Data Mill North has ambitious plans to become the best resource for open data across the English north. Stephen Blackburn, senior information governance officer at Leeds City Council, leading on Data Mill North, takes our weekly Q&A test.
What’s top of your agenda for change?
“Working collaboratively across the English north region to realise economies of scale, improve transparency and work on common goals and issues. Across our towns, cities and even rural environments, a lot of the issues that affect citizens and communities are similar. Likewise, members of the public don’t necessarily recognise the organisational and political boundaries as we do in local government. Working collaboratively not only brings about internal efficiencies but helps deliver better and more consistent outcomes for citizens.”
What are you doing about it?
“In August, we rebranded Leeds Data Mill to Data Mill North and encouraged other local authorities to join us in our quest to be the best website for open data. Not only does this mean that individual local authorities don’t need to invest separately in setting up and hosting their own sites; it also provides the opportunities for us to work more closely together, publishing datasets to common standards and getting involved in joint hack days focusing on common issues.”

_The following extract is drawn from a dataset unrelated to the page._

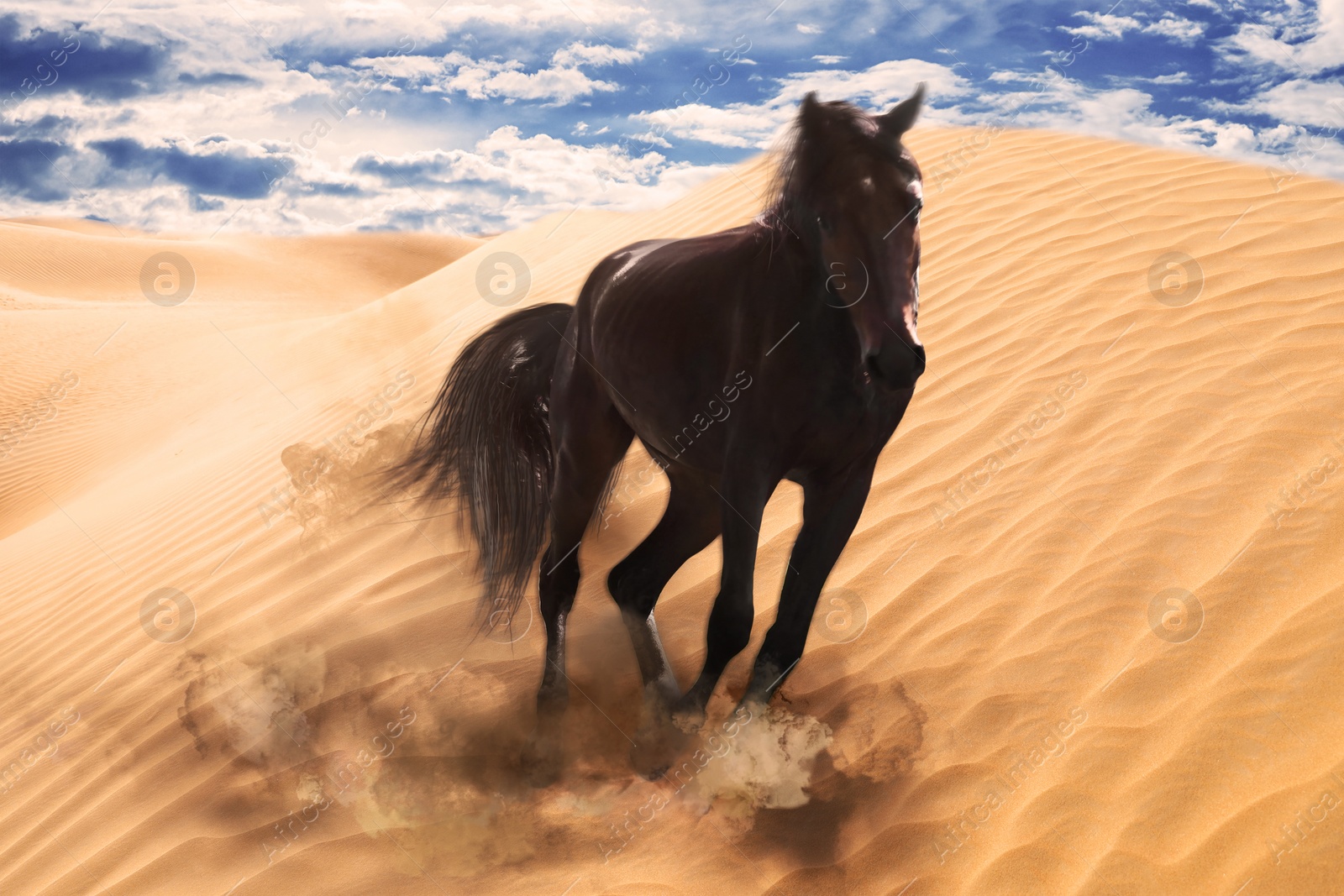 Image of Beautiful horse kicking up dust while running through desert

How did you find yourself doing what you do now?
“I originally led on ensuring the council was compliant with publishing datasets listed in the government’s local government transparency code. We always recognised, however, that there was a vast resource of untapped data that we also wanted to identify and publish. From initially identifying and publishing open data for the council, we broadened our focus to encourage organisations to do the same across the city, and now region. Somehow along the way I also found myself managing the Data Mill website rather than just contributing content to it.”
How can technology help secure the change you want?
“Websites such as Data Mill North facilitate the publication of data in an easy way and helps organisations such as ours become more open and transparent. Additionally, councils have increasingly less money to deliver service. This new approach to openness allows a more collaborative approach between all sections of society to help shape where we live – whether that be enabling the analysts and ‘armchair auditors’ to better understand the city or allow developers and technologists to produce new and innovate websites, apps and devices that help us all in our hectic lives.”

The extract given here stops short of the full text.